Stopped Dead in My Tracks
Author: Sheri Denkensohn-Trott
It is not a cliché to say that they don’t make things like they used to. During my 36 years as a quadriplegic, I have used a power wheelchair made by the company Invacare (with one small break using a Quickie power chair but that is an entirely different drama). I have always been pleased with this brand of chair. I am very active, so my chair is my lifeline and takes a beating. Even so, my experience is that it lasts at least 10 years. And any power chair user will tell you that changing to a new chair is a nightmare. Besides all of the insurance paperwork, it is difficult to get used to the new chair. At first it is uncomfortable and many times using the new chair is nothing like the old chair.

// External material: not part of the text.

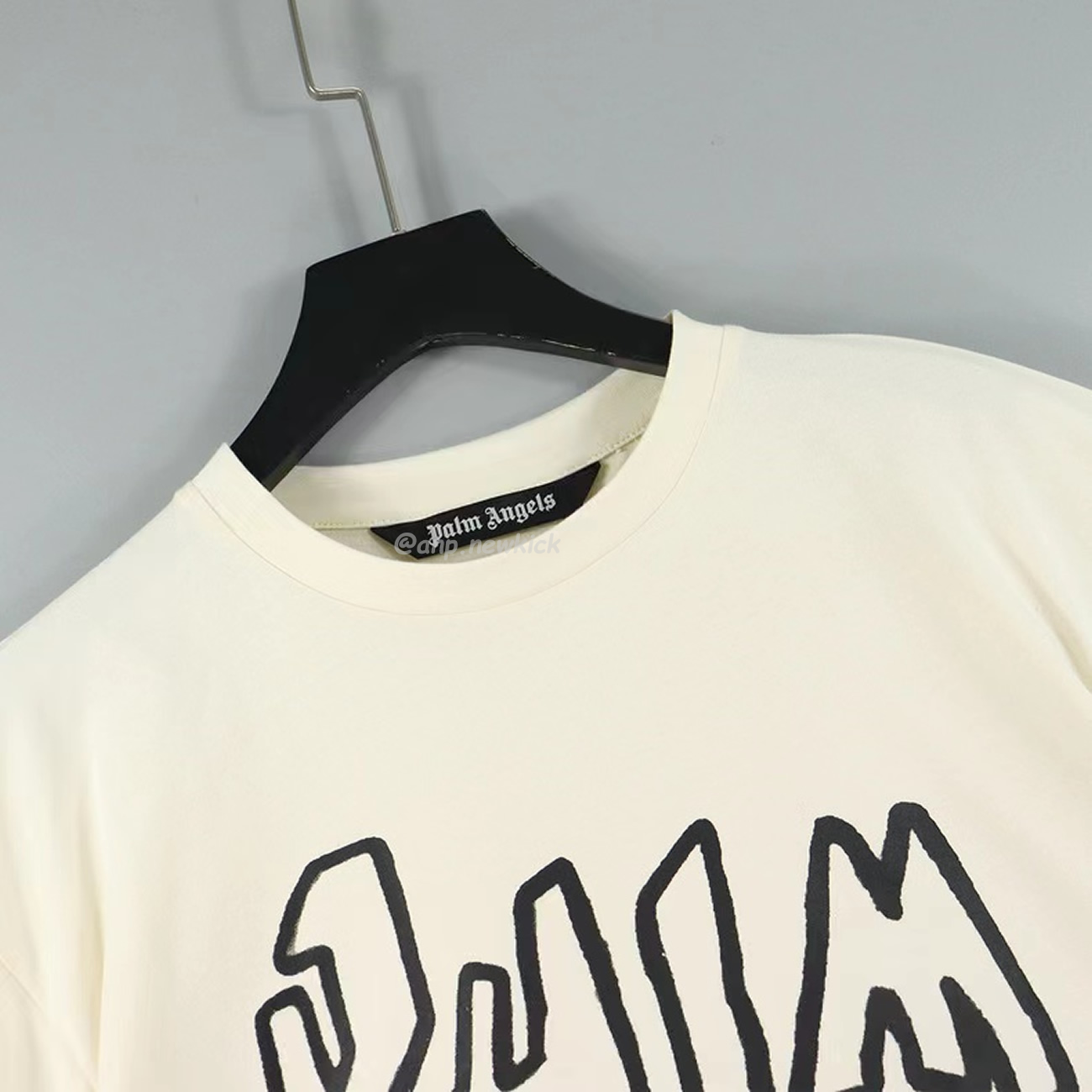 Palm Angels Graffiti Flame T Shirt Shorts Black White (15) - www.kitistry.com Palm Angels Graffiti Flame T Shirt Shorts Black White (15) - www.kitistry.com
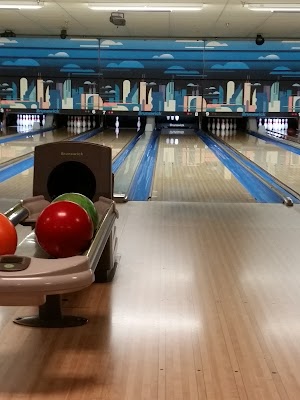 Family Bowlaway Fun Center - photo 64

But you need to just accept it and get used to it.
If it were a car, my “new” (approximately two-years old) wheelchair would be considered a lemon. Parts began to break almost as soon as I started using it. And finding a ` is analogous to a vehicle, you are mistaken. A wheelchair user is not automatically eligible for a comparable rental (or even the ability to borrow a vehicle) and it is dangerous for your skin and body to use a chair that is not designed for your body. As a result, there is never a “convenient time” to have a chair breakdown. And usually it occurs at the worst possible moment. That’s what happened to me.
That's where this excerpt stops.